Flash Boys: A Wall Street Revolt

Flash Boys: A Wall Street RevoltFlash Boys: A Wall Street Revolt by Michael Lewis
My rating: 4 of 5 stars

When you start this book, you’re given a vague impression that the “bad guys” are the high frequency traders (HFT) because they are exploiting the market, or cheating people, or what not. In fact, we get that because most of the book is written from the point of view of who we think are the good guys who oppose HFT… we know this because these guys have names and histories. We identify with them. Not with the anonymous HFT firms.

What started off as a scandalous book about brokers and traders who take people’s money and give them less bang for their buck, even willfully doing the opposite of what their clients want, soon takes an unexpected turn, however.

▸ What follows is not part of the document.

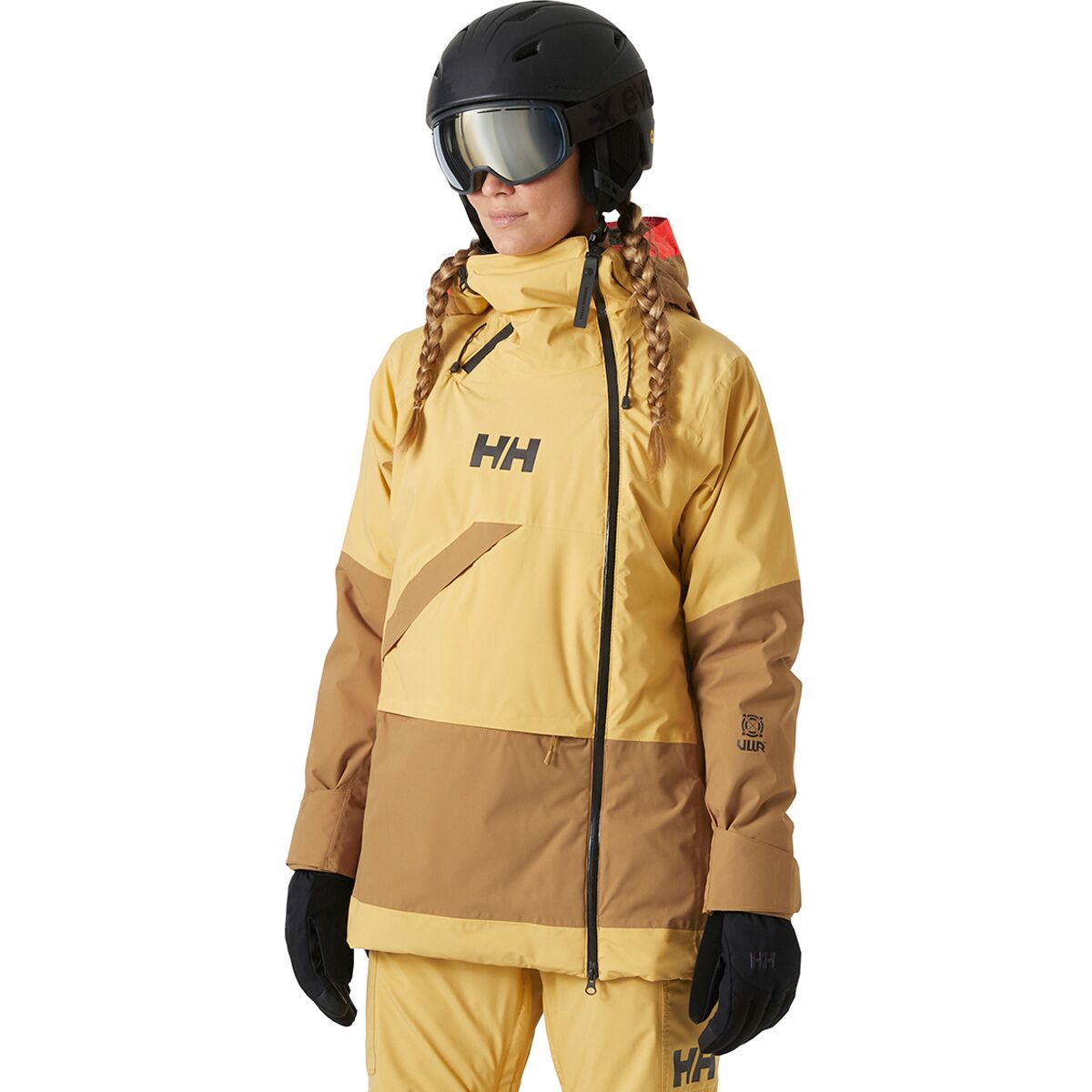 Image of Helly Hansen Powchaser Asym Jacket - Women's Sand, XL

As the story develops deeper and deeper, things seem worse and worse. Constantly, it’s a detective novel. Small changes, small anomalies in their consistency reveal larger patterns that need explaining. The men in this story are as much brilliant as they are idealistic. For if nothing else, than ideas of fairness and free trade are but excuses for a system built on air. After all, money is nothing else but idea. Sure, it moves material, transforms it into anything we like. But its basis is a shared idea. As we dive deeper, the idea seems to become more corrupt and more controlled. But then, an interesting turn happens.

We consider things from the HFT’s point of view: “I think most of them have just rationalized that the market is creating the inefficiencies and they are just capitalizing on them.” Are they not supposed to? What makes it cheating is that they are utilizing a gap in technology to effectively find out orders in one exchange to execute them on another. The lag in the decentralized stock market allows HFT’s orders to travel through time. The way to see it as cheating is to recognize that true market inefficiencies can be corrected by the market. True profit, defined economically, is only available for a short time when the innovation is new and unheard of. But once the market knows about it, the market can adjust. Technological gaps on the structure of executing trades are not something markets can easily account for… at least not of this kind. But it will adjust. New exchanges (such as IEX) will arise and compensate for such HFT advantage, or laws will be passed to counter them.

This last paragraph seems to detract from the scandal of the story. But as Ron Popeil said, “But wait, there’s more.” We see things from the banker’s point of view. With their dark pools. We see things from the trader’s point of view. We see them from the technologists’s point of view. In the end, no one is really behaving badly; or rather they are behaving badly against the client’s wishes… but also, they are also behaving rationally. Maximizing utility. Using what they have to preserve their own position.

Lewis stops short of jumping off this deep end, and that’s okay. He’s not out to critique capitalism itself, although there are a few of these: “It’s rational for a broker to behave badly.” Of course, a true critique would entail a discussion of homo economicus, and to note that the model for this behavior, defined as rationality, isn’t complete because it fails to grasp many actual intangibles that humans do value and gain utility from.

One reason to stop at this point is to avoid becoming mired in academic jargon. The other point is that people may want to read about Wall Street corruption, but it’s unlikely they will want to throw everything out because of “a few bad apples”. For many of us who can read this book, and do so, are living nicely, with freedom and wouldn’t wish to destroy a system which supports us in our leisure (among many other things). Still, it is a myth to think we can simply carve out a group of people get rid of all the corruption that human greed can entail. Because greed isn’t found just on Wall Street or any other capitalist exchange. We are greedy creatures, because the future is uncertain. A system founded on greed is one we hold dear to much of our nature, but it’s also a lopsided system as it only rewards part of how we are. Those of us who are fuller, rounder and more generous as human aren’t often praised by a system that only focuses on a narrow sliver of being human.

So even while I’ve undid the entire premise of the book here… the book is well written. Clear, and deals with fairly complex stock trading information in an easy to understand, distilled form. I rather enjoyed reading it. I kept not wanting to put it down.